Yes, that makes sense. I filter to keep only the variants needed for the PRS then aggregate to get both N_variants and sum_weights.
mt_prs = mt_prs.annotate_entries(
effect_allele_count=calculate_effect_allele_count(mt_prs),
weighted_count=calculate_effect_allele_count(mt_prs) * mt_prs.prs_info[‘weight’])
mt_prs = mt_prs.annotate_cols(
sum_weights=hl.agg.sum(mt_prs.weighted_count),
N_variants=hl.agg.count_where(hl.is_defined(mt_prs.weighted_count)))
So I guess I’ll need more resources then.

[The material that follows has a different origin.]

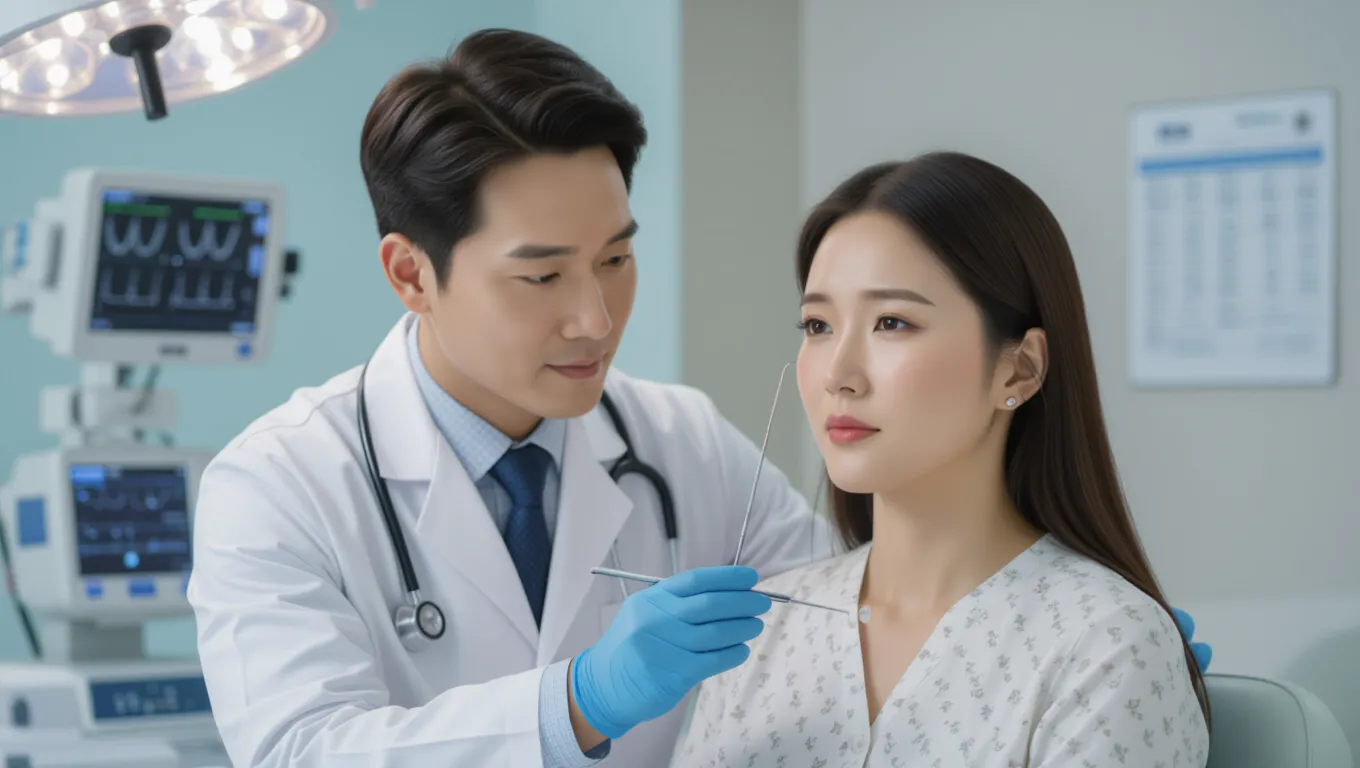 어지럼증 원인부터 치료, 재발 방지까지! 이석증, 기립성 저혈압, 달팽이관 A to Z 6 🩺 어지럼증, 정확한 진단이 첫걸음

This operation is particularly expensive because you’re streaming through all the sequencing data only to read, I assume, the genotypes. You should identify the superset of variants you care about and extract them. You can either store as a Hail MatrixTable with just one entry field: GT
, a call, (or even n_alt_alleles
, an int32) or you can store in some other format you prefer. PLINK is probably fine too. The important thing is to get rid of the PL, AD, etc. You’re probably bottlenecked on network bandwidth right now.
And, FWIW, we’re working on a columnar based storage system so that Hail can avoid reading irrelevant fields, but that’s at least a year away.
Great! Thank you so much for your help!!